3. Why does SPL speak about UBI if it failed to load environment? Why UBI appears at all when it should load u-boot binary?

Please, help me!!!!

UPDATE1: After several days of attempts to trace the error, I see the following:
1. The control arrives to the function nand_read_page() from the file
/opt/ti-processor-sdk-linux-rt-am57xx-evm-08_02_00_04/board-support/u-boot-2021.01+gitAUTOINC+44a87e3ab8-g44a87e3ab8/drivers/mtd/nand/raw/am335x_spl_bch.c
eccsize=512, eccbytes=14, eccsteps=4, oobpos=2050 - which is correct.

2. Then omap_correct_data_bch() function is called from the file
/opt/ti-processor-sdk-linux-rt-am57xx-evm-08_02_00_04/board-support/u-boot-2021.01+gitAUTOINC+44a87e3ab8-g44a87e3ab8/drivers/mtd/nand/raw/omap_gpmc.c
Here are two arrays calc_ecc and read_ecc ready. I print them out and see THEY ARE IDENTICAL(!!!!) (after byte reordering).
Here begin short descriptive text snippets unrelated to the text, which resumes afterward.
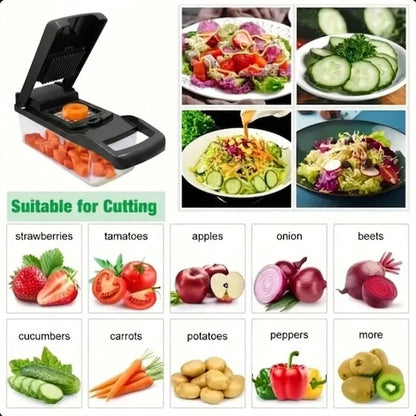 17-In-1 Vegetable Chopper, Professional Onion Chopper, Multi-Functional Food Chopper, Kitchen Vegetable Slicer And Dicer, Vegetable Chopper With 8 Blades, Carrot Chopper With Container Father Gift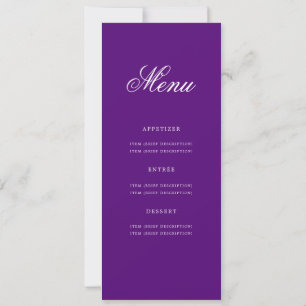 Elegant 50th Birthday Party Menu Gold Purple Invitation
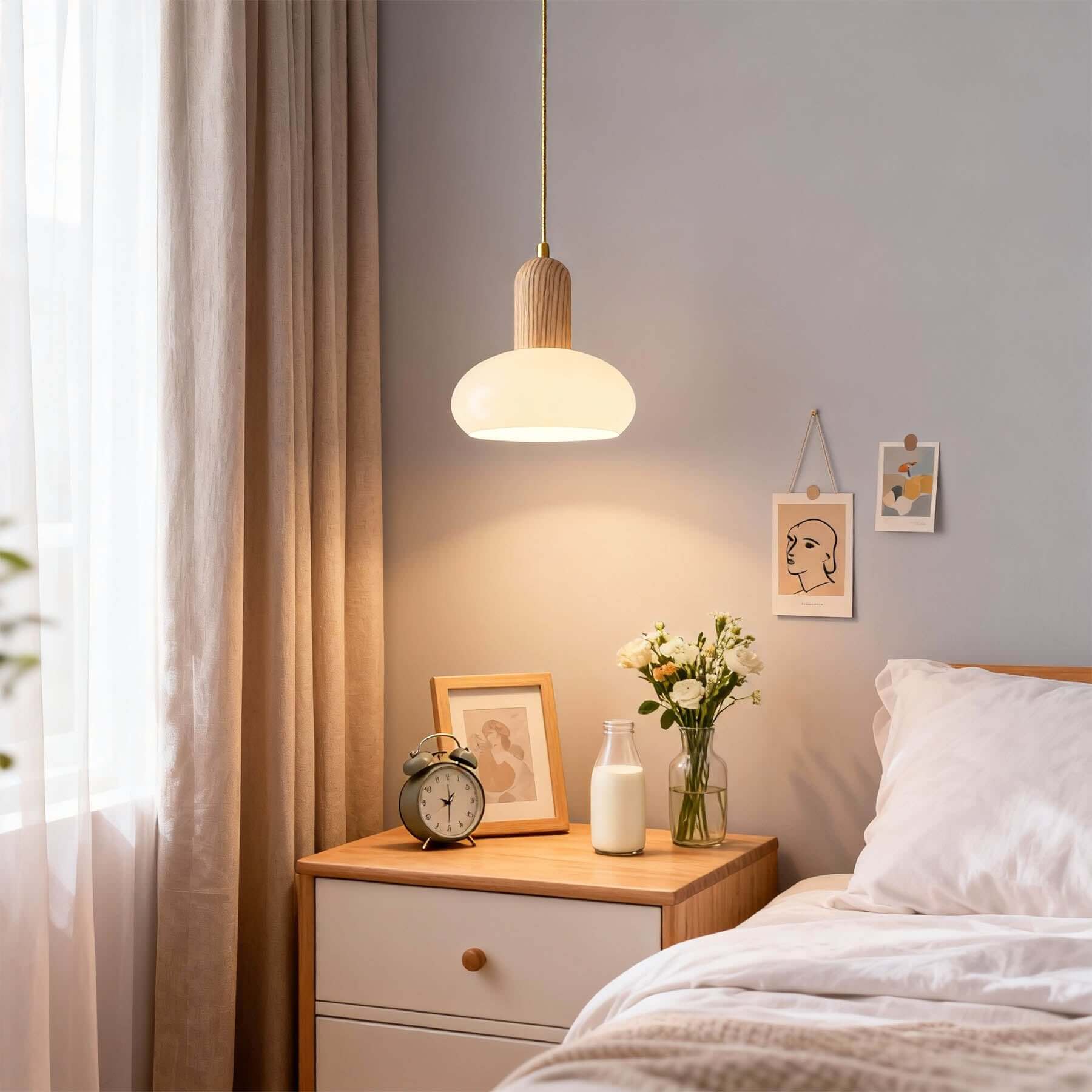 Antizer Modern Minimalist Wood Glass Pendant Light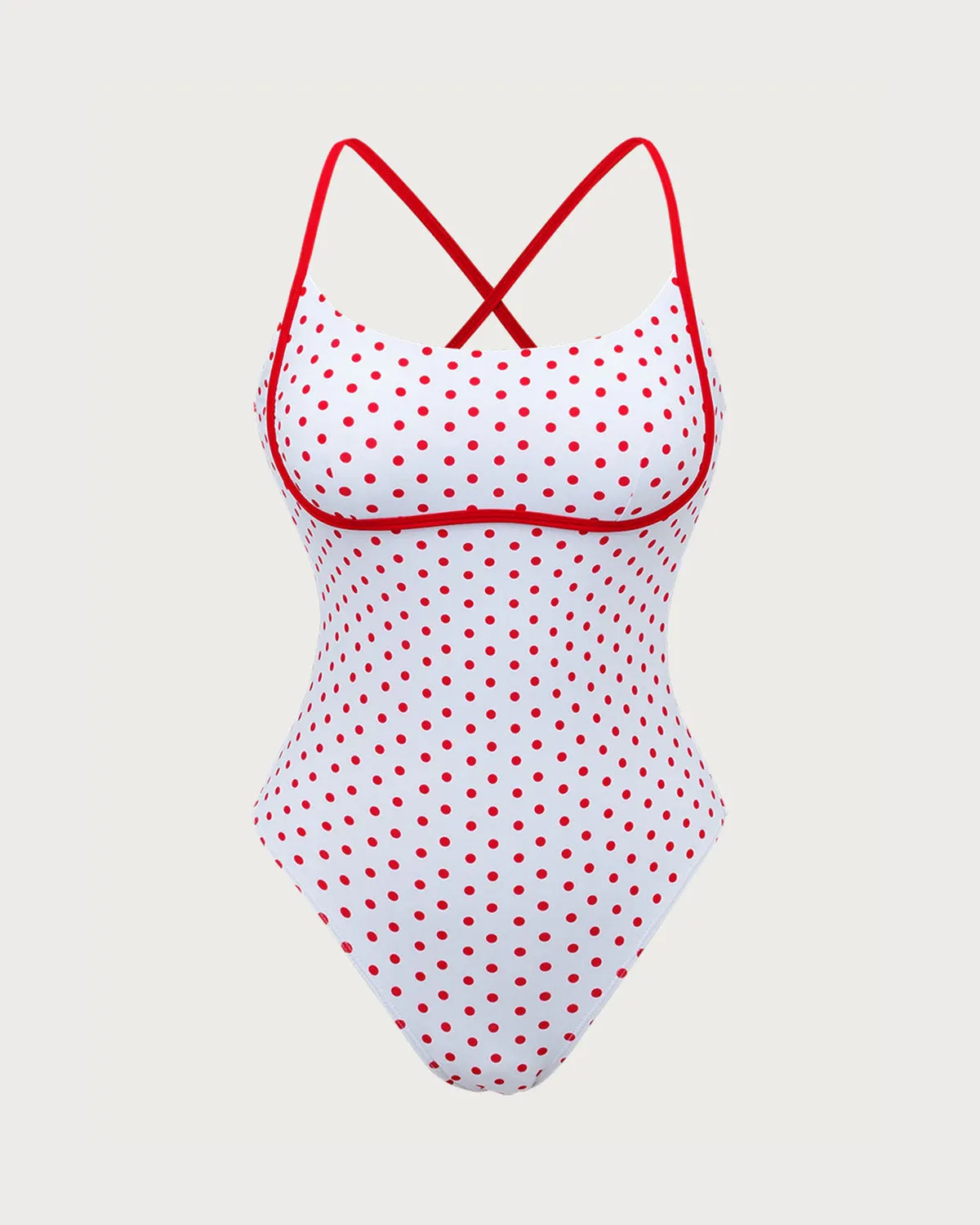 Red Contrast Polka Dot One-Piece Swimsuit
3. Nevertheless, (they are identical!) this omap_correct_data_bch() function calls elm_check_error() function from the file
/opt/ti-processor-sdk-linux-rt-am57xx-evm-08_02_00_04/board-support/u-boot-2021.01+gitAUTOINC+44a87e3ab8-g44a87e3ab8/drivers/mtd/nand/raw/omap_elm.c
To this function arrives syndrome which is actually the calc_ecc (again, it is correct!). This syndrome is loaded into ELM by elm_load_syndromes() function (in the same file), ELM is run and it produces location_status=3 which means 3 errors were detected.
BUT THERE IS NO ERRORS!!!

4. The only thing I noted here, which seems to me as a bug, is the code of the function elm_load_syndromes(). The corresponding fragment looks like:
if (bch_type == BCH_8_BIT || bch_type == BCH_16_BIT) {
.....
          val = syndrome[12] | (syndrome[13] << 8) |  (syndrome[14] << 16) | (syndrome[15] << 24);
BUT!!!
ECC for BCH8 has 14 bytes. And bytes syndrome[14]  and syndrome[15] will be garbage, no?
I tried to remove the usage of excessive bytes, but the result is still location_status=3.

TI!!!! PLEASE!!!! COMMENT!!!!

UPDATE2: I inserted 'return 0' just before error message "uncorrectable ECC errors":

/* check if correctable */
location_status = readl(&elm_cfg->error_location[poly].location_status);
return 0; <-------- my return.

if (!(location_status & ELM_LOCATION_STATUS_ECC_CORRECTABLE_MASK)) {
printf("%s: uncorrectable ECC errors\n", DRIVER_NAME);
return -EBADMSG;
}

Now, SPL loads u-boot, u-boot starts and work fine!
I still see a lot of messages about badLocation_status (my printf), but everything works.
The loaded u-boot is fully functional. And also programs and reads NANDs  without a problem.

I am really really lost here. ANY HELP WILL BE HIGHLY APPRECIATED!!!

TI people, please, please, help!!!!!